I'm still not wild about the Lovable Robbers, though. Apart from anything else, it makes the show less dramatic. This would have been a far more vivid and powerful story, I think, had the robbers had a bit of menace instead of just being cuddly. Should we be feeling this comfortable about a child growing up among a criminal gang? Even when they're punching each other, the robbers just come across like boisterous schoolboys. Their confrontation in ep.6 is empty, with no weight to it. You'd let them babysit (although first you'd lock up the family silver).
It's amazing that Ronja's still alive, incidentally. Look at all her jumping and climbing around the forest, like a teeny Tarzan. Mind you, she does get herself in serious trouble about a third of the way through the series.
Random thought... what do the robbers do for female companionship? Only chiefs have wives, apparently. Mattis has Lovis, but what of his men? Do they run off to town to use prostitutes when Ronja isn't looking? Do they woo forest animals? Do they find manly consolation in each other's arms? (Probably the latter.)
The characterisation is deeper than it looks, reminding you that this is based on a novel. Bilk is quite a complicated boy, capable not just of bursts of jealousy but of being self-conscious about them. I love the Lovis-Ronja scene in ep.22, in which Lovis does a 180-degree turn and ends up being as implacable as she'd previously been compassionate. The big falling-out in the second half is pretty damn intense. I also liked the last episode a lot, which it seems to me ends the story with all the right decisions. It's not a climax, but instead what happens after the climax.
I'm tempted to watch the 1984 film, incidentally, because I found the following online. "Borje Ahlstedt as Mattis in the movie is one of the largest and most legendary hams in Swedish cinematic history." Now that's Mattis. (He's both a swaggering macho thug and a drama queen.) Everyone who's seen that film seems to think it's fantastic, as far as I can tell.
Oh, and you'll probably see different versions of the names. Even Ronja might appear as Ronja (the original Swedish), Ronya (how it's pronounced), Rounya (a transliteration of the Japanese pronunciation), Kirsty (the looser of the two English translations of the novel) and more. Ghibli stick to the Swedish pronunciations, not even translating nicknames like Skalle-Per (with "skalle" meaning "skinny").
Overall, I think it's a good series, but with subtle production failures that stop it from being a great one. The CGI is beautifully done, but (a) it's still CGI, and (b) it would be lazy and wrong to pretend that that's the beginning and end of the show's problems.

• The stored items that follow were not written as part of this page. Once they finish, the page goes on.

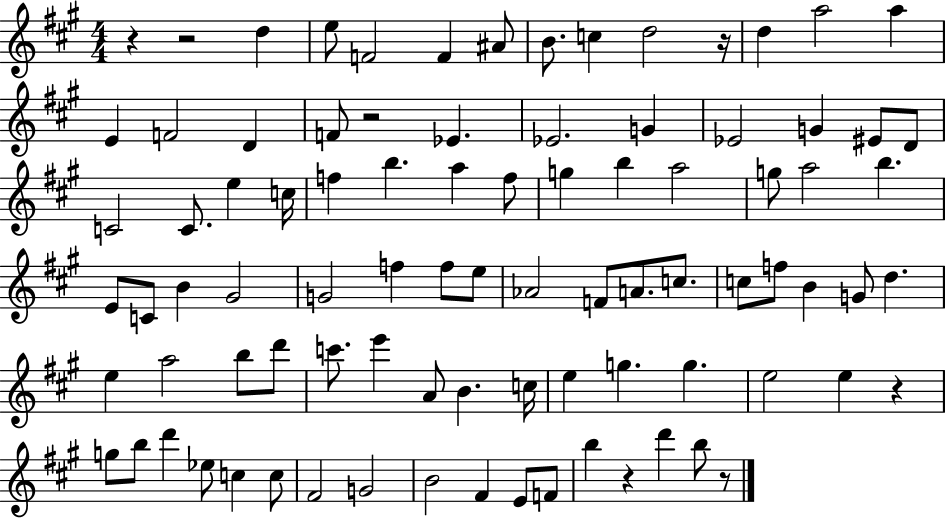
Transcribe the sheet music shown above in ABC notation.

X:1
T:Untitled
M:4/4
L:1/4
K:A
z z2 d e/2 F2 F ^A/2 B/2 c d2 z/4 d a2 a E F2 D F/2 z2 _E _E2 G _E2 G ^E/2 D/2 C2 C/2 e c/4 f b a f/2 g b a2 g/2 a2 b E/2 C/2 B ^G2 G2 f f/2 e/2 _A2 F/2 A/2 c/2 c/2 f/2 B G/2 d e a2 b/2 d'/2 c'/2 e' A/2 B c/4 e g g e2 e z g/2 b/2 d' _e/2 c c/2 ^F2 G2 B2 ^F E/2 F/2 b z d' b/2 z/2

I'm not convinced that all the laughing works, for instance. Above all, this show's Ronya (CGI animation and Haruka Shiraishi's voice acting) is an imperfectly realised creation, which is a huge problem in a title character and doubly so when all the adults around her are idiots, criminals or harridans. (Lovis can admittedly be a fairly sympathetic harridan, when the mood takes her, but she's still hardly cuddly.) Ronja's grim determination as she stomps off with the men to confront Borka in ep.6, for instance, should have been awesome. She's tiny! That should have been adorable, but it's not. Instead it's merely "good enough".

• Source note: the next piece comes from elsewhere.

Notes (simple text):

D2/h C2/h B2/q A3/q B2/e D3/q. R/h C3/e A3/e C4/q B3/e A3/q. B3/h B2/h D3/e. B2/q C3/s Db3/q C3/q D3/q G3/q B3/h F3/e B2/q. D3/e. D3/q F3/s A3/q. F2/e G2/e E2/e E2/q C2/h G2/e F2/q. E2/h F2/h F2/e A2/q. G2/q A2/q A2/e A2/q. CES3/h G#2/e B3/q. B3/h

Had this show been a triumph, it might have been the saving of Ghibli. I don't blame Goro, though. It's not his fault he's not as good as his dad. Hayao (and Isao Takahata) failed to nurture the next generation to come after them and keep the company going.
However it's still a strong show. I'd be interested to see what children think, since I imagine their reactions would be very different to mine. Would they be bored or riveted? I honestly don't know. I've been reviewing this from my own personal point of view, obviously, not being qualified to do anything else. It's worth a look if only for the Rumphob dwarves.